Another memoir, Avec Staline dans le Kremlin, by Stalin’s former secretary Boris Bazhanov, recounts that Stalin had a small personal switchboard installed in the Kremlin, which enabled him to listen in on the conversations of the other Communist leaders. One afternoon, Bazhanov, who had no prior inkling that such a thing existed, opened the wrong door and found Stalin in a small room with a pair of earphones on his head, deeply absorbed in eavesdropping on a conversation among the elite Party leaders who enjoyed the privilege of living in the Kremlin. That one glimpse was enough to precipitate Bazhanov’s escape across the Iranian border, in 1929, on foot.

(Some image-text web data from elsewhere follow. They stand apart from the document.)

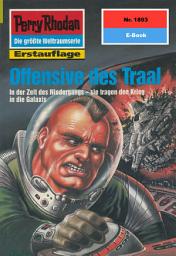 Icon image Perry Rhodan 1893: Offensive des Traal: Perry Rhodan-Zyklus "Die Heliotischen Bollwerke"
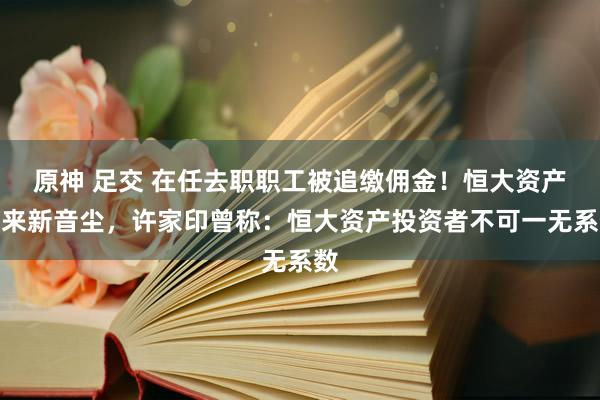 原神 足交 在任去职职工被追缴佣金！恒大资产传来新音尘，许家印曾称：恒大资产投资者不可一无系数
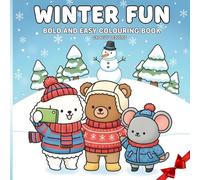 Winter Fun Bold And Easy Colouring Book For Adults And Teens: Featuring Cute Dog Bear Mouse Characters and Winter And Holiday Scenes for Relaxation (Groovy Lemons) (Fluffy Friends)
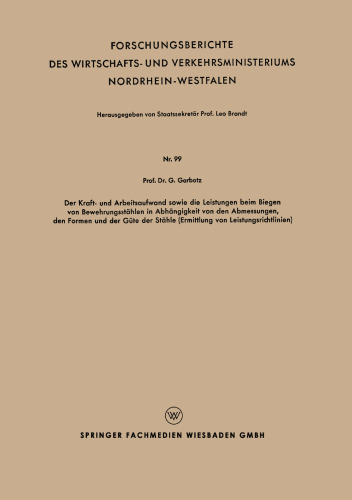 Der Kraft- und Arbeitsaufwand sowie die Leistungen beim Biegen von Bewehrungsstählen in Abhängigkeit von den Abmessungen, den Formen und der Güte der Stähle (Ermittlung von Leistungsrichtlinien)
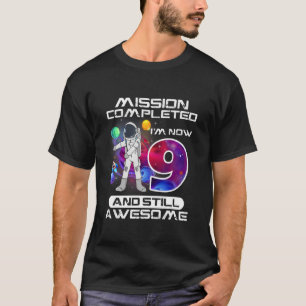 9th Birthday Astronaut Space 9 Years Old Bday 1 T-Shirt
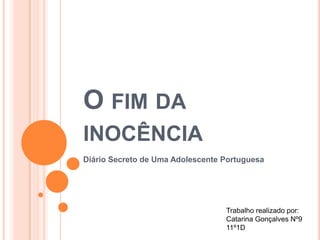O FIM DA
INOCÊNCIA
Diário Secreto de Uma Adolescente Portuguesa




                                  Trabalho realizado por:
                                  Catarina Gonçalves Nº9
                                  11º1D
 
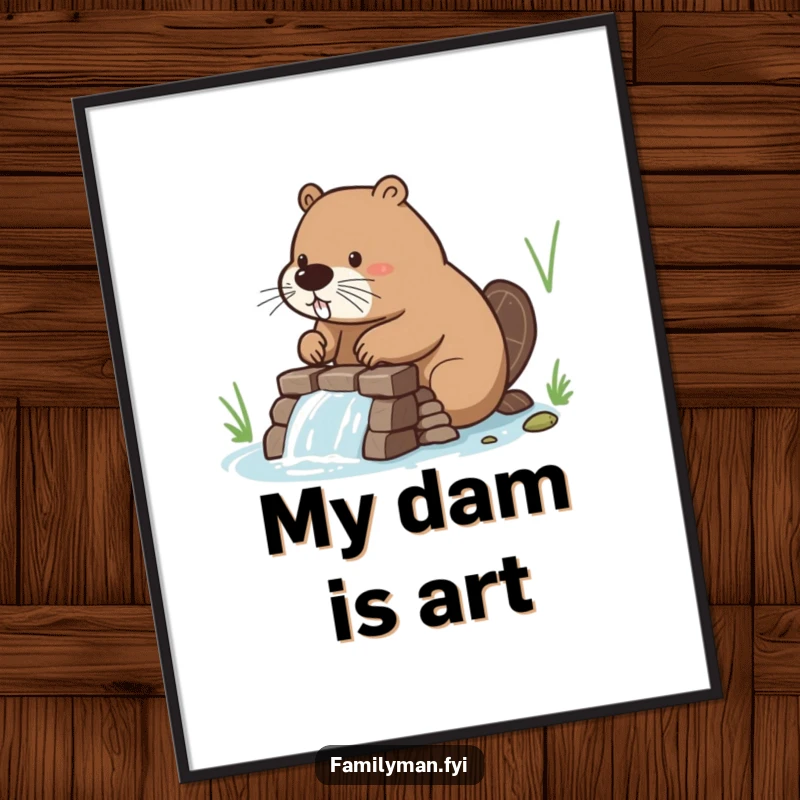 Funny Beaver Poster artwork depicting a beaver building a dam, perfect for humorous motivation and decor.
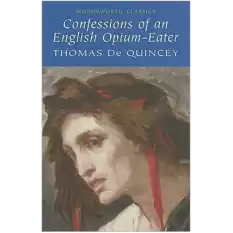 The Confessions of an English Opium Eater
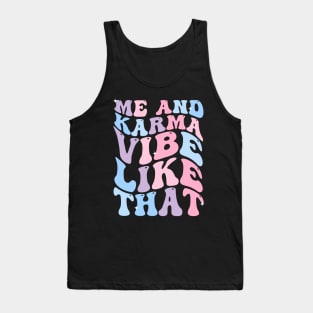 Me and Karma Vibe Like That Karma is My Boyfriend Groovy Tank Top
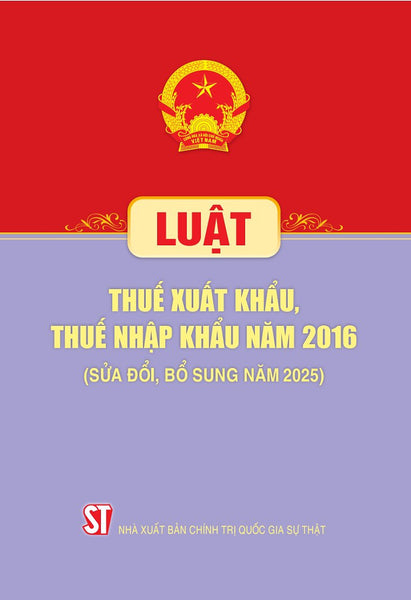 Luật Thuế Xuất Khẩu, Thuế Nhập Khẩu 2016 (Sửa Đổi, Bổ Sung Năm 2025)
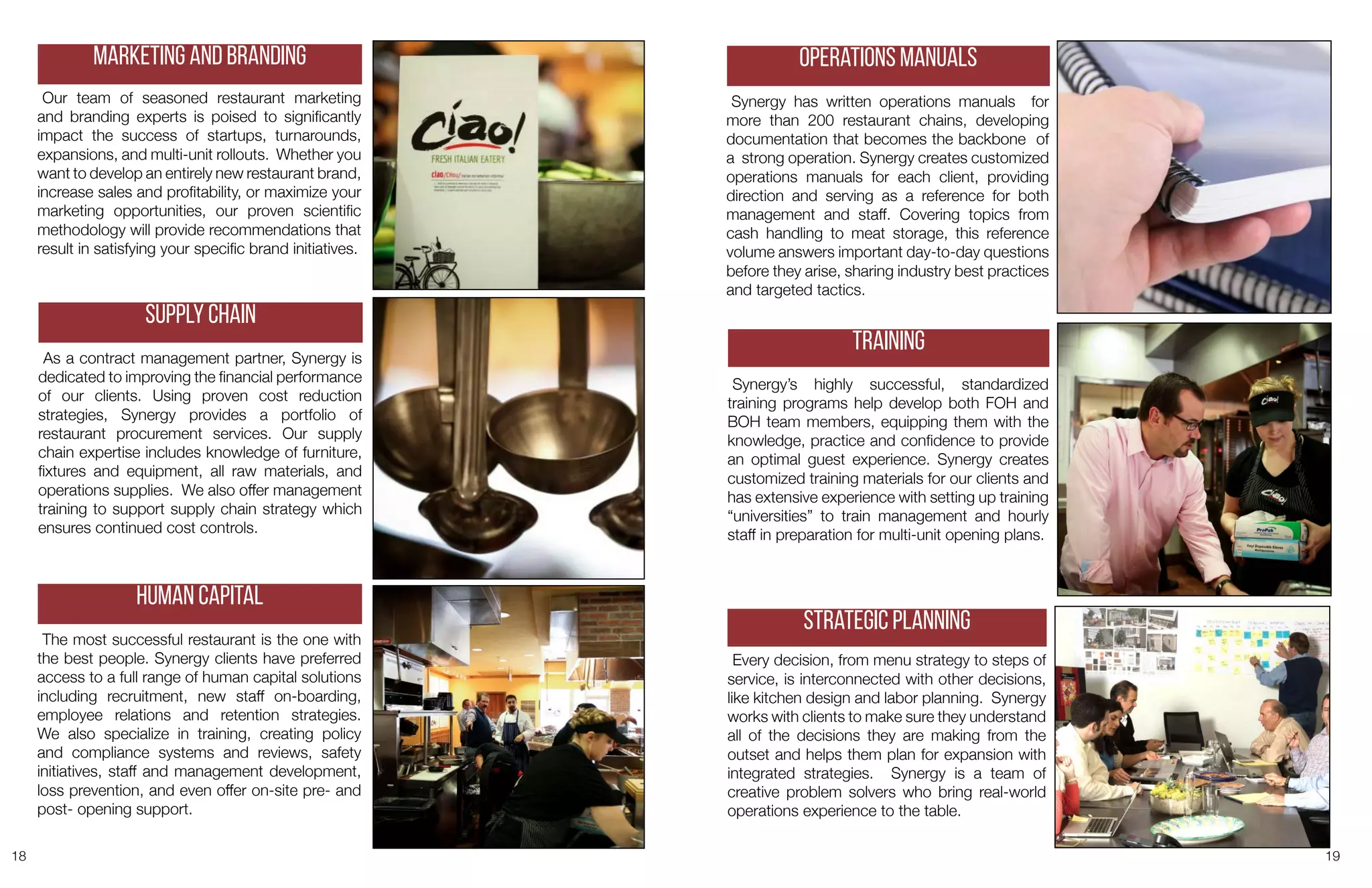 18 19
Our team of seasoned restaurant marketing
and branding experts is poised to significantly
impact the success of startups, turnarounds,
expansions, and multi-unit rollouts. Whether you
want to develop an entirely new restaurant brand,
increase sales and profitability, or maximize your
marketing opportunities, our proven scientific
methodology will provide recommendations that
result in satisfying your specific brand initiatives.
Marketing and Branding
As a contract management partner, Synergy is
dedicated to improving the financial performance
of our clients. Using proven cost reduction
strategies, Synergy provides a portfolio of
restaurant procurement services. Our supply
chain expertise includes knowledge of furniture,
fixtures and equipment, all raw materials, and
operations supplies. We also offer management
training to support supply chain strategy which
ensures continued cost controls.
Supply Chain
The most successful restaurant is the one with
the best people. Synergy clients have preferred
access to a full range of human capital solutions
including recruitment, new staff on-boarding,
employee relations and retention strategies.
We also specialize in training, creating policy
and compliance systems and reviews, safety
initiatives, staff and management development,
loss prevention, and even offer on-site pre- and
post- opening support.
Human Capital
Synergy has written operations manuals for
more than 200 restaurant chains, developing
documentation that becomes the backbone of
a strong operation. Synergy creates customized
operations manuals for each client, providing
direction and serving as a reference for both
management and staff. Covering topics from
cash handling to meat storage, this reference
volume answers important day-to-day questions
before they arise, sharing industry best practices
and targeted tactics.
Operations Manuals
Synergy’s highly successful, standardized
training programs help develop both FOH and
BOH team members, equipping them with the
knowledge, practice and confidence to provide
an optimal guest experience. Synergy creates
customized training materials for our clients and
has extensive experience with setting up training
“universities” to train management and hourly
staff in preparation for multi-unit opening plans.
Training
Every decision, from menu strategy to steps of
service, is interconnected with other decisions,
like kitchen design and labor planning. Synergy
works with clients to make sure they understand
all of the decisions they are making from the
outset and helps them plan for expansion with
integrated strategies. Synergy is a team of
creative problem solvers who bring real-world
operations experience to the table.
Strategic Planning
 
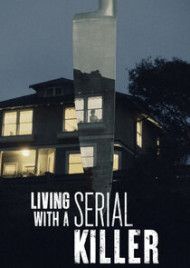 Living With A Serial Killer - Season 1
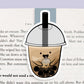 Brown Sugar Bubble Tea Magnetic Bookmark (Jumbo)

Any conversation, however brief,

А где хватит на полразговорца,

In the original, literally: “when there’s enough for half a conversation” or “when we work up a short conversation” (polrazgovorets). “There’s enough” (khvatit’), which could be translated as “we work up,” alludes as much to the constant rush, the lack of time, as to the fear that is garroting everyone.

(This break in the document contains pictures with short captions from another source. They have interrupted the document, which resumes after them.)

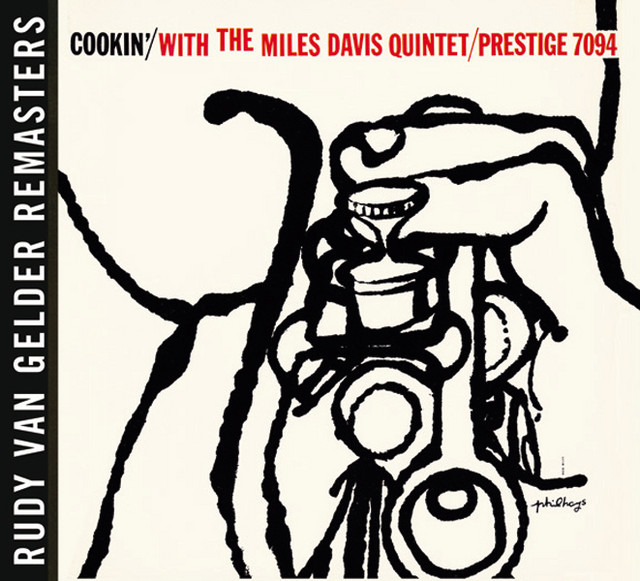 کاور آلبوم Cookin' With The Miles Davis Quintet [Rudy Van Gelder edition] (Remastered) از Miles Davis Quintet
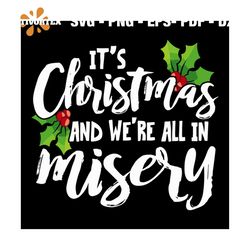 It's Christmas and We're All In Misery svg, Christmas Svg, Christmas Holly Svg, Christmas Gift Svg, Merry Christmas Svg,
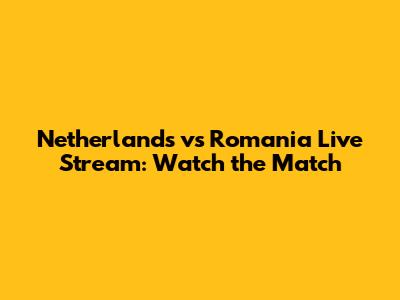 Netherlands vs Romania Live Stream: Watch the Match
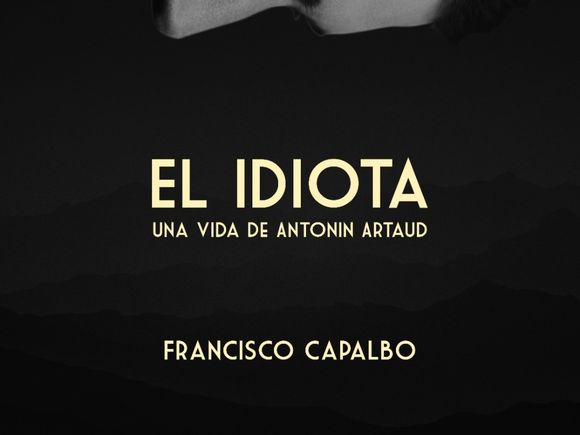 Una vida de Antonin Artaud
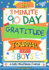 The 3 Minute, 90 Day Gratitude Journal for Boys: a Positive Thinking and Gratitude Journal for Boys to Promote Happiness, Self-Confidence and...Inch 103 Pages) (2) (Kids Gratitude Journal)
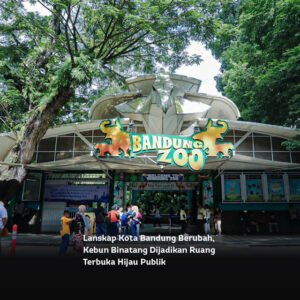 Lanskap Kota Bandung Berubah, Kebun Binatang Dijadikan Ruang Terbuka Hijau Publik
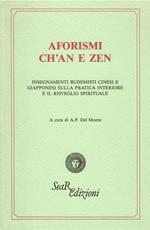 Aforismi ch'an e zen. Insegnamenti buddhisti cinesi e giapponesi sulla pratica interiore e il risveglio spirituale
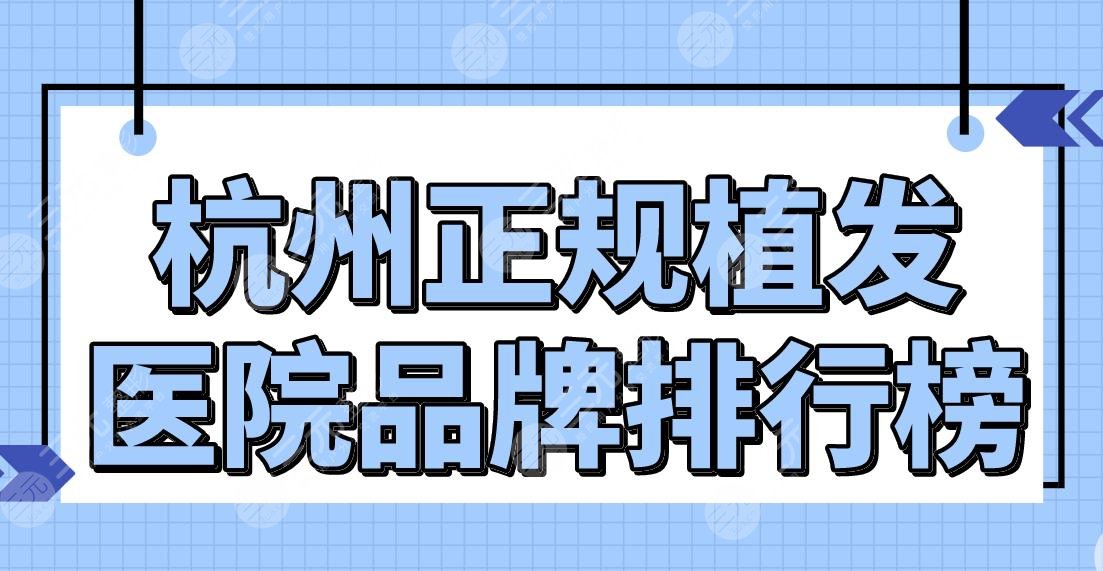 杭州正规植发医院品牌排行榜|医院哪家技术好？新生、首瑞、美莱如何？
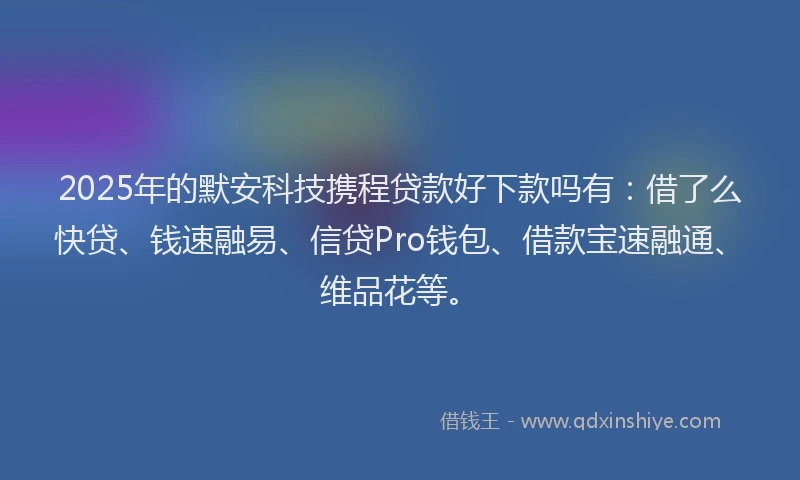 2025年的默安科技携程贷款好下款吗有：借了么快贷、钱速融易、信贷Pro钱包、借款宝速融通、维品花等。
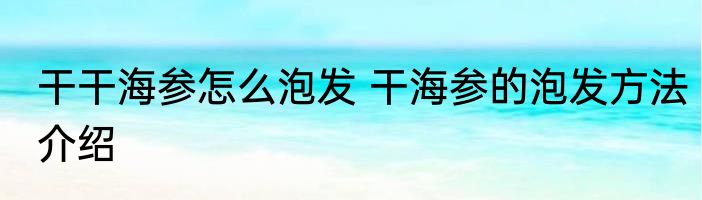 干干海参怎么泡发 干海参的泡发方法介绍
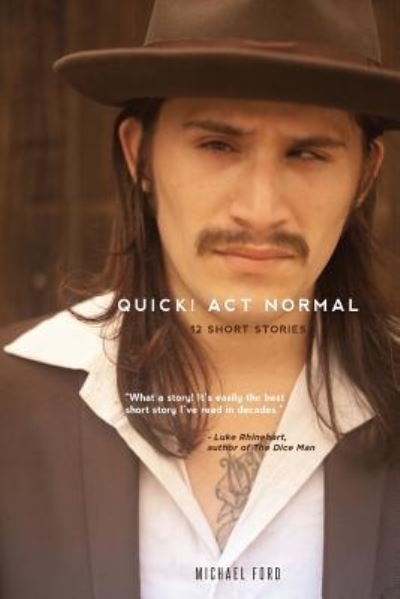 Cover for Michael Ford · Quick! Act Normal (Pocketbok) (2013)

In 1934, on a visit to Pasternak’s home, Mandelstam cannot keep himself from reciting the epigram. It is an act of total insanity, for several of those present will hurry to inform the authorities. Emma Gerstein, who was very close to both Pasternak and Mandelstam, writes in her Memoirs of yet another recitation, attended by Nikolay Gumilyov’s son Lev, who would also spend many years in the gulag.

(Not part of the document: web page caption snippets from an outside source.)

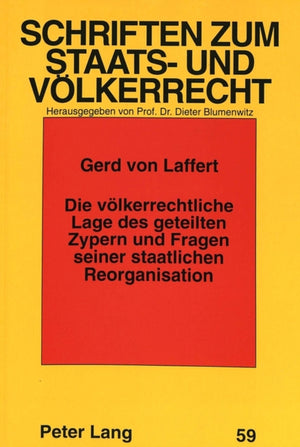 Die voelkerrechtliche Lage des geteilten Zypern und Fragen seiner staatlichen Reorganisation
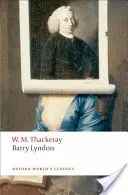 Barry Lyndon: Memoriile lui Barry Lyndon, Esq. - Barry Lyndon: The Memoirs of Barry Lyndon, Esq.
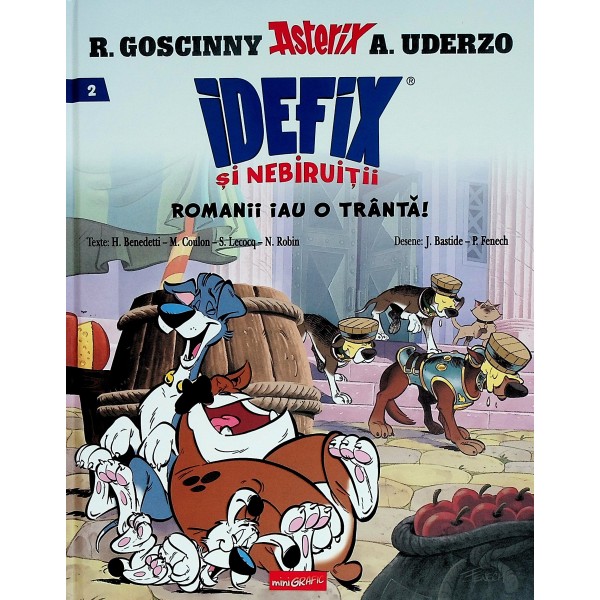 iDEFIX si nebiruitii 2 - Romanii iau o tranta!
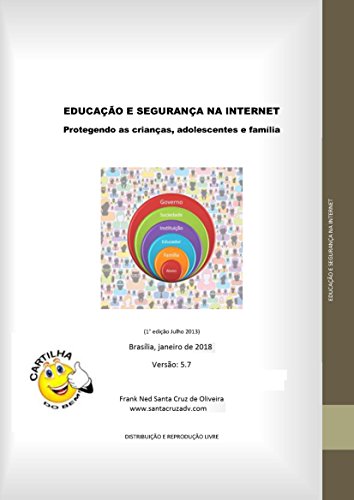 Livro PDF: EDUCAÇÃO E SEGURANÇA NA INTERNET: Protegendo as crianças, adolescentes e a família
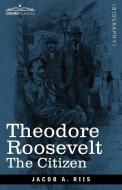 Theodore Roosevelt di Riis Jacob A. Riis edito da Cosimo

This patently suicidal conduct on Mandelstam’s part had an additional explanation: he would compose his poems in his head, and only when they were ready, after a lengthy process of intense internal labor, would he put them down on paper. Mandelstam knew that the epigram would never be published and was trying to leave it imprinted on as many minds as possible, to keep it from disappearing with his death.

gravitates, gratingly…

Там припомнят

In Russian, literally, they “mention” Stalin (pripomniat). Did he actually enjoy the blind admiration of his people that many still credit him with in those years before the Great Terror and the Moscow show trials? The verb used here, pripomniat, carries with it a trace of annoyance. You say to someone “I’ll remind you of this” (Ya tebe pripomniu!), in the sense of “you’ll pay me for this” or “I’ll get you back for this.” It isn’t merely that the dictator perpetually comes to mind, but that the thought of him is irritating.


During an earlier visit to Moscow that winter, Mandelstam had recited the poem in private to Pasternak, always the more cautious and astute of the two (Pasternak would die in his bed, in the privileged writers’ villa of Peredelkino). His response was:

What you have just recited to me bears no relationship whatsoever to literature or to poetry. This is not a literary achievement but a suicidal action of which I do not approve and which I do not wish to have any part in. You have not recited anything to me and I did not hear anything and I beg you not to recite this to anyone else ever.

Nevertheless, the poet did so, and on more than one occasion. One memoirist accuses him of having acted out of a terrible hatred for Stalin.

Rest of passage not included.